(Beginning of SUPPLIED INFORMATION)
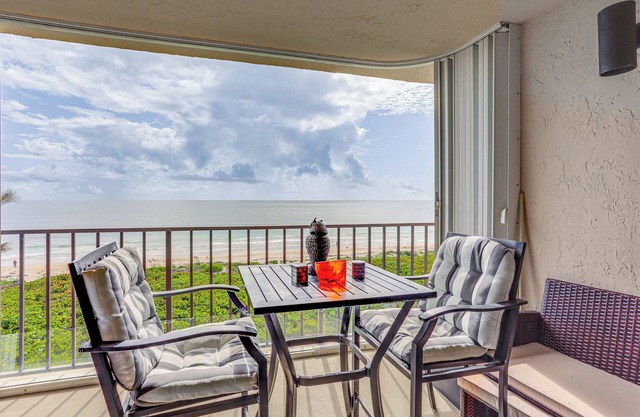 Oceanfront Fort Pierce Condo: Pool & Beach Access!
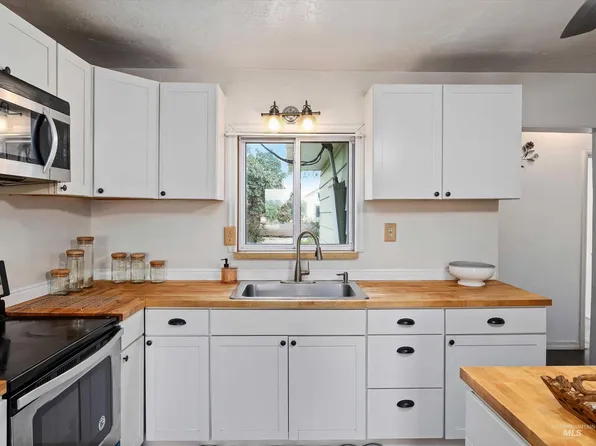 211 W 200 N, Rupert, ID 83350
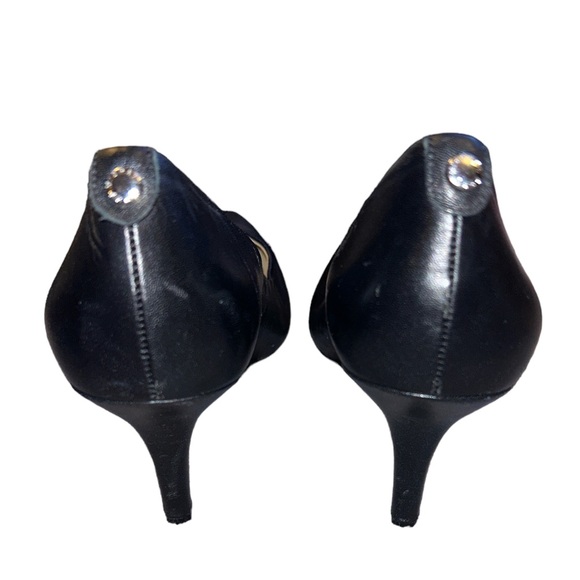 Michael Kors Size 10 Women's Black Solid Pump Shoes - Picture 2 of 4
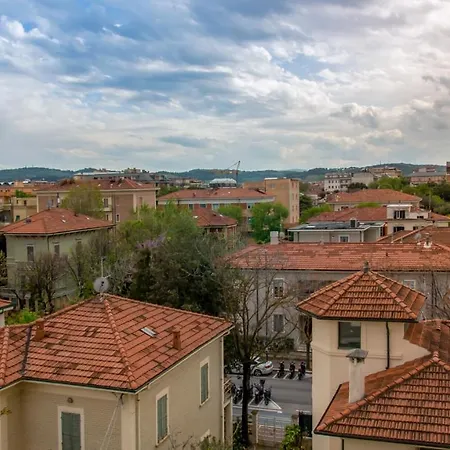 President's ホテル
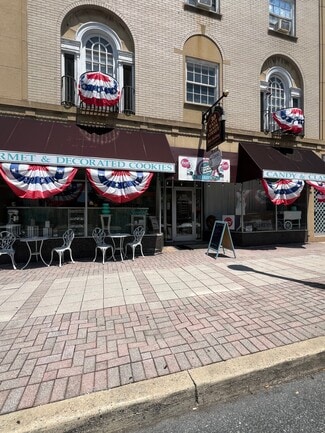 Plus de détails pour 30 E Main St, Ephrata, PA - Différents types d’espaces à louer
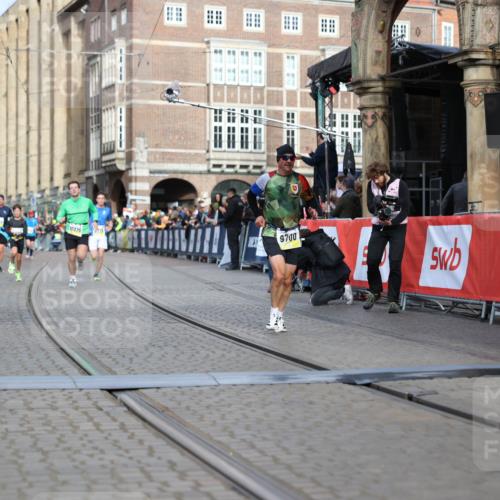 05.10.2025 - 20. swb-Marathon Bremen Yannick Fuchs http://msf.ph/oto/9245430 05.10.2025 10:42:26 Ziel 8187, 9700, 9775, 10375, 10838, 11217, 11422 meine-sportfotos.de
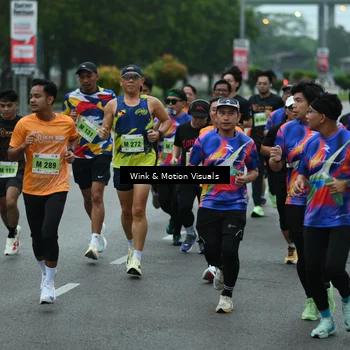 Runner Photo 8474051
(End of SUPPLIED INFORMATION)
WORK INSTRUCTIONS = Please retype only the lines from the line that holds "Plus de détails" through the end of the records, exactly as they stand, and drop every picture.

ANSWER FOR THE TASK =
 Plus de détails pour 30 E Main St, Ephrata, PA - Différents types d’espaces à louer
 05.10.2025 - 20. swb-Marathon Bremen Yannick Fuchs http://msf.ph/oto/9245430 05.10.2025 10:42:26 Ziel 8187, 9700, 9775, 10375, 10838, 11217, 11422 meine-sportfotos.de
 Runner Photo 8474051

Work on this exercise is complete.